_Provided records:_
= = =
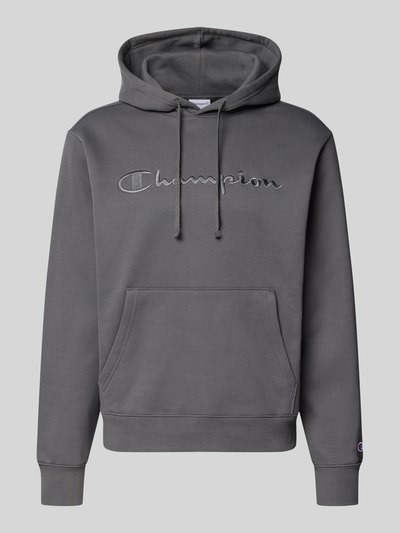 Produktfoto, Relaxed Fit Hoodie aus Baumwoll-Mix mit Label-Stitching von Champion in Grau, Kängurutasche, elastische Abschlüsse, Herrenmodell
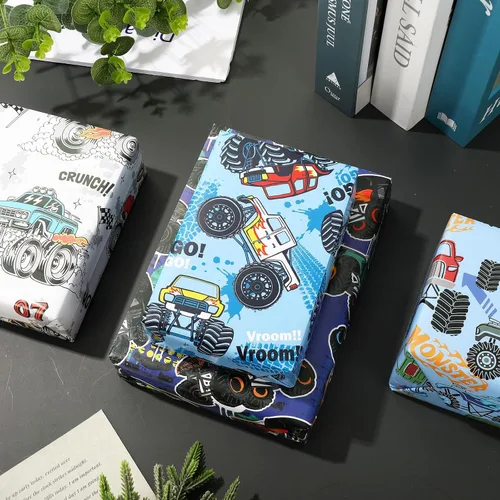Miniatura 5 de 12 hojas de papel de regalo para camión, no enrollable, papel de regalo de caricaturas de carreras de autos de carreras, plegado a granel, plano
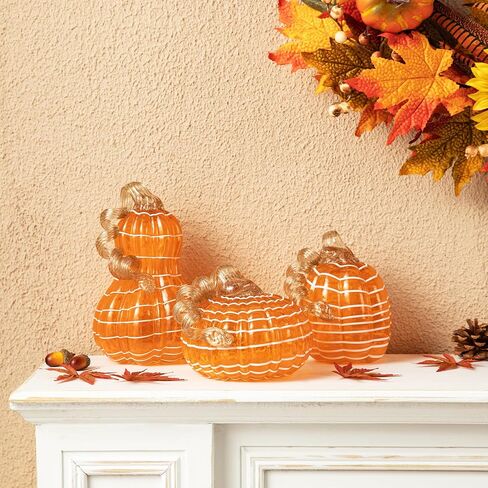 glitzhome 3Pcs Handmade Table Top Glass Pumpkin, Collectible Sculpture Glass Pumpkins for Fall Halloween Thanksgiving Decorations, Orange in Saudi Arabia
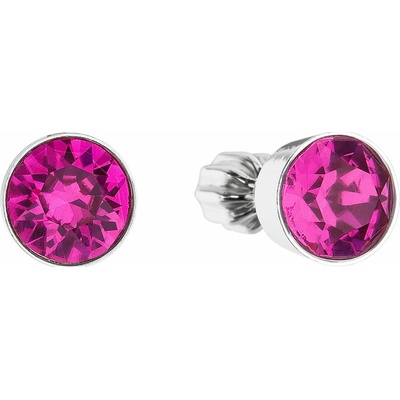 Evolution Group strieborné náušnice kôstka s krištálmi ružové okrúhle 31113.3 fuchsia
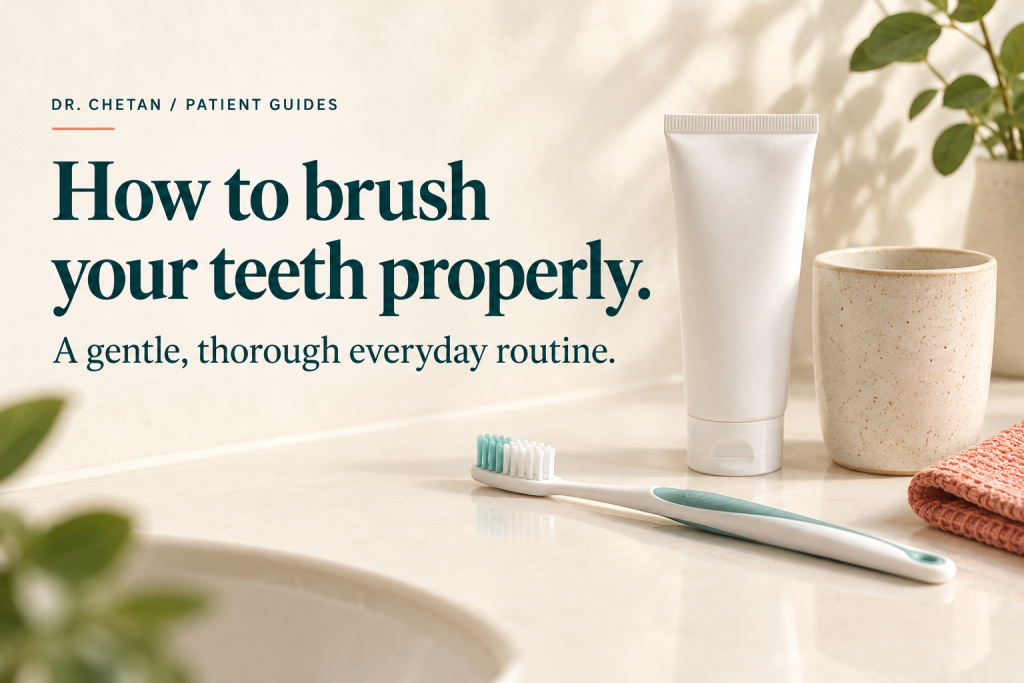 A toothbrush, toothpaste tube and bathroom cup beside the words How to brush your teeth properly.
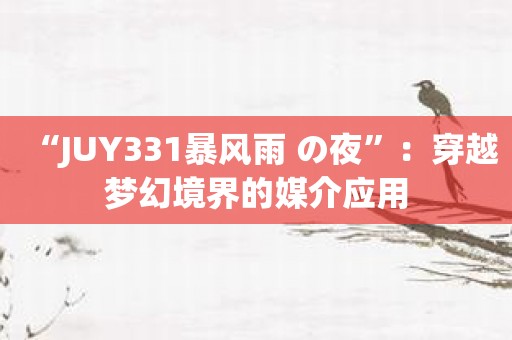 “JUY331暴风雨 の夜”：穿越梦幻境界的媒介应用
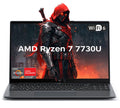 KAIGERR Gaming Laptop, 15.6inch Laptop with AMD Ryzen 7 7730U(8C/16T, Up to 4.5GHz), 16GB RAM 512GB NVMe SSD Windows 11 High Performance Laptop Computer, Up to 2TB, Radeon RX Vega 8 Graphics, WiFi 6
= = =
_Work request:_
Reproduce all of the records above exactly, but exclude the pictures.

_Solution for this task:_
 Produktfoto, Relaxed Fit Hoodie aus Baumwoll-Mix mit Label-Stitching von Champion in Grau, Kängurutasche, elastische Abschlüsse, Herrenmodell
Miniatura 5 de 12 hojas de papel de regalo para camión, no enrollable, papel de regalo de caricaturas de carreras de autos de carreras, plegado a granel, plano
 glitzhome 3Pcs Handmade Table Top Glass Pumpkin, Collectible Sculpture Glass Pumpkins for Fall Halloween Thanksgiving Decorations, Orange in Saudi Arabia
 Evolution Group strieborné náušnice kôstka s krištálmi ružové okrúhle 31113.3 fuchsia
 A toothbrush, toothpaste tube and bathroom cup beside the words How to brush your teeth properly.
 “JUY331暴风雨 の夜”：穿越梦幻境界的媒介应用
 KAIGERR Gaming Laptop, 15.6inch Laptop with AMD Ryzen 7 7730U(8C/16T, Up to 4.5GHz), 16GB RAM 512GB NVMe SSD Windows 11 High Performance Laptop Computer, Up to 2TB, Radeon RX Vega 8 Graphics, WiFi 6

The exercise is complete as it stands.